Suffering is a test of one’s hermenutical (theory of interpretation) method.
As demonstrated by Kierkegaard, Jung, Bruggermann and Ricoeur if one wants to understand the dialectic of suffering and the symbolism of evil related to acts of god and acts of humans, Job is the starting point. Another helpful reflection on Job is provided by Blake and Zizek.
One of the methodological drivers of the Book of Job is the critique of ideologies. The Book of Job is perhaps the first exemplary case of this discourse as suggested by Zizek in The Puppet and The Dwarf. The Book of Job also validates dispute within faith.
Breuggemann (1997) in Theology of the Old Testament (p. 391) comments: ‘The friends are dismissed because they had settled for an ideological conclusion, without taking into account the problematic of lived experience … for Yahweh does not want ideology to crush experience. And that leaves only two parties for the conclusion: Yahweh and Job, face to face. Job, in contrast to the friends who are seduced by the Justice Cult, have spoken what is ‘right’ (42:7-8).
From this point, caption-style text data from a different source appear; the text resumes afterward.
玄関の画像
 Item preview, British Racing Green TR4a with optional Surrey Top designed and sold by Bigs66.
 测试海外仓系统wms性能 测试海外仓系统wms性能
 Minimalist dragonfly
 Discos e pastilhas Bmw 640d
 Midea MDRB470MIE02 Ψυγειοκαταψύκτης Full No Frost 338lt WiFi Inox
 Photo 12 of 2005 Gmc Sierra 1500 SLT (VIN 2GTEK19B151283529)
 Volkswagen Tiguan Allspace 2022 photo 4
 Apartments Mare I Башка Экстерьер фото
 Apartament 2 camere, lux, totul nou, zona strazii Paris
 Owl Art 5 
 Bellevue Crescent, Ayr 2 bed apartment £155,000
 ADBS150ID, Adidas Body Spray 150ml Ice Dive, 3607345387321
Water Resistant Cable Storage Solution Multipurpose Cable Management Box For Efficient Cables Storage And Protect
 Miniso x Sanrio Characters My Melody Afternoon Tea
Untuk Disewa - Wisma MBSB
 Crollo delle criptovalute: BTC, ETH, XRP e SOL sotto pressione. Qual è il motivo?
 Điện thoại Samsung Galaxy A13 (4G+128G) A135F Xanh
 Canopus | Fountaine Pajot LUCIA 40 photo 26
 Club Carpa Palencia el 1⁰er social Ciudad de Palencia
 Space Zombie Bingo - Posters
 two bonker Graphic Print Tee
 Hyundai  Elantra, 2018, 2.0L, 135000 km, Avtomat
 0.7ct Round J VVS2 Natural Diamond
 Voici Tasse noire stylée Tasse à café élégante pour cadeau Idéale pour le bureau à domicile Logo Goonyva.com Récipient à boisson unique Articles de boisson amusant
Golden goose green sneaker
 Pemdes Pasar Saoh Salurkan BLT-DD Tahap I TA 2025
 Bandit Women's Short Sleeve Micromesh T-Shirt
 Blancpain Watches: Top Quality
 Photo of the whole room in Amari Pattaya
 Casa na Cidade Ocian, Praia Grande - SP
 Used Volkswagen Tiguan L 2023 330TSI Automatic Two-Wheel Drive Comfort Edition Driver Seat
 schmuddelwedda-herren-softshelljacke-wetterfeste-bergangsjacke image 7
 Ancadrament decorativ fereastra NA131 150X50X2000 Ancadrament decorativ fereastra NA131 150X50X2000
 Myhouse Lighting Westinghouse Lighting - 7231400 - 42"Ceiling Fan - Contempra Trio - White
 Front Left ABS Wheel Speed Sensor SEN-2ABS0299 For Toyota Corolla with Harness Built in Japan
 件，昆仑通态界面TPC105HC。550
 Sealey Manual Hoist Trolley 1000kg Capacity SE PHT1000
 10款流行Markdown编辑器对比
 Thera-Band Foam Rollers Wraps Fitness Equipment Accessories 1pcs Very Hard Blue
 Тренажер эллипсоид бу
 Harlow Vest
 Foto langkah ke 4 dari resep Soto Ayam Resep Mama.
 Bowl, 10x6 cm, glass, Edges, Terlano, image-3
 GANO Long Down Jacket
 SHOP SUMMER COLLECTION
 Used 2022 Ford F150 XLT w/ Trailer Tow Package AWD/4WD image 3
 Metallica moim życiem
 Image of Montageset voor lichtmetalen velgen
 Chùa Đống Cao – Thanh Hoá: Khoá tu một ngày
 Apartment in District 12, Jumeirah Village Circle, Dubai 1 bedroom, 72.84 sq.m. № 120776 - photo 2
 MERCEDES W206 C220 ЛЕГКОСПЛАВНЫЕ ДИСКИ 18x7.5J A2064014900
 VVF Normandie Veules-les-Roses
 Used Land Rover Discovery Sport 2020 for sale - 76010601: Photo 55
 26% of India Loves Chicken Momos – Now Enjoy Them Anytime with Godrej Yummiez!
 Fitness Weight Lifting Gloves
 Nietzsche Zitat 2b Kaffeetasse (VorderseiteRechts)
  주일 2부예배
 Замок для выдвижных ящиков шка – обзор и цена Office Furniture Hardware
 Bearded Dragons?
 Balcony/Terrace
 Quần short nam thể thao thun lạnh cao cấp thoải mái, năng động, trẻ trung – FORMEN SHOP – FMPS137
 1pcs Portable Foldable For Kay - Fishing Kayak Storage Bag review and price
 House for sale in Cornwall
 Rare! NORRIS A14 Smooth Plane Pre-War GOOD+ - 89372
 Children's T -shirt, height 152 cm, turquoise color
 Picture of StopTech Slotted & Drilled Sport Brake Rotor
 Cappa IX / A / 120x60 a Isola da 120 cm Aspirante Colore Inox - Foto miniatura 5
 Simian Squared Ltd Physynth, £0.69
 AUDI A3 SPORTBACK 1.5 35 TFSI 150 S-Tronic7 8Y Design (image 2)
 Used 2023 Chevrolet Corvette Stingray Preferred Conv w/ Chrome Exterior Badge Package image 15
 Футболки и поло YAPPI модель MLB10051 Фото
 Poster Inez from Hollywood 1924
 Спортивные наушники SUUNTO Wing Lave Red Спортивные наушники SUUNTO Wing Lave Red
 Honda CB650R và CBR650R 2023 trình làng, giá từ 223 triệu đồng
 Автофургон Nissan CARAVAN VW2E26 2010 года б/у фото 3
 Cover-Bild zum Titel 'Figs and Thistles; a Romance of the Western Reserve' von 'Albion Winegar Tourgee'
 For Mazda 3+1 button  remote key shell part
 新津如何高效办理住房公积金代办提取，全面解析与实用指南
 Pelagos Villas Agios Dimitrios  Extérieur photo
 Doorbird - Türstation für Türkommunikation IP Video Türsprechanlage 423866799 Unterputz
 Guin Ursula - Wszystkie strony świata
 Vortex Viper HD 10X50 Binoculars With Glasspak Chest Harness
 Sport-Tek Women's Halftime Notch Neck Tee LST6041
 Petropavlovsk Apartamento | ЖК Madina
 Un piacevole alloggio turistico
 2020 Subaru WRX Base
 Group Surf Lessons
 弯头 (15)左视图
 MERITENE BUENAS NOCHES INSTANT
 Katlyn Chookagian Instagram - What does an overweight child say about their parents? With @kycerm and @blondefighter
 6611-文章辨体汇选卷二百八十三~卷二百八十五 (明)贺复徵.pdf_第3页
As Breuggeman comments further: ‘This is no longer a God who has reneged on a moral calculus’. For the rational ideology there is suitably simply indignation and confusion at the story of Job. However, to understand Job one needs a different hermeneutic, a semiotic and poetic hermeneutic to understand the sense of the story and the nature of suffering’. What the rationalist/cognitivist desires regarding suffering and harm is an ideological proposition, the same as Job’s three so called ‘friends’. A semiotic and poetic hermeneutic escapes the confines of a rationalist/cognitvist worldview.
Kierkegaard draws our attention to the themes of inexplicable loss and the dream of equality in his books Fear and Trembling and Repetition. His lyrical writing challenges the proposition of the Eternal Return and asks if fallible humans have self-sufficiency enough to expel despair on their own. This is what Kierkegaard calls the Socratic model, what some might call ‘the Nietzschean model’. Kierkegaard uses the story of Job to dispel the Eternal Return and presents faith as a transforming worldwind, an alertness in hope to what he calls ‘the eschatological promise’. Fromm is also helpful in understanding this notion of promise and hope (The Revolution of Hope).
For Kierkegaard metaphysical wonder and mystery is uncoupled from metaphysical propositionalism. The fact that Job doesn’t get to know why is not the semiosis/myth of the narrative. The book of Job wasn’t written for Job or for a positivist hermeneutic, this is a purpose of the book. For Kierkegaard the quest for reason is a ‘recollection’ not ‘repetition’. Propositions neither require a leap of faith nor accept paradox.
Mooney (p. xxiv) comments on Keikegaard: ‘Job is reborn an as ear tuned to the poetry of the world. He is no longer a lawyer demanding his turn to speak, his turn to interrogate. Climacus takes a lead from the otherness of death; it suspends self-valorization. Death gives a sense to life’s dance’.
Jung in Answer to Job (1973, p. 16) comments: ‘Job is no more than the outward occasion for an inward process of dialectic in God’. This is the crux of the book, a lyrical speculation on the nature of god and evil.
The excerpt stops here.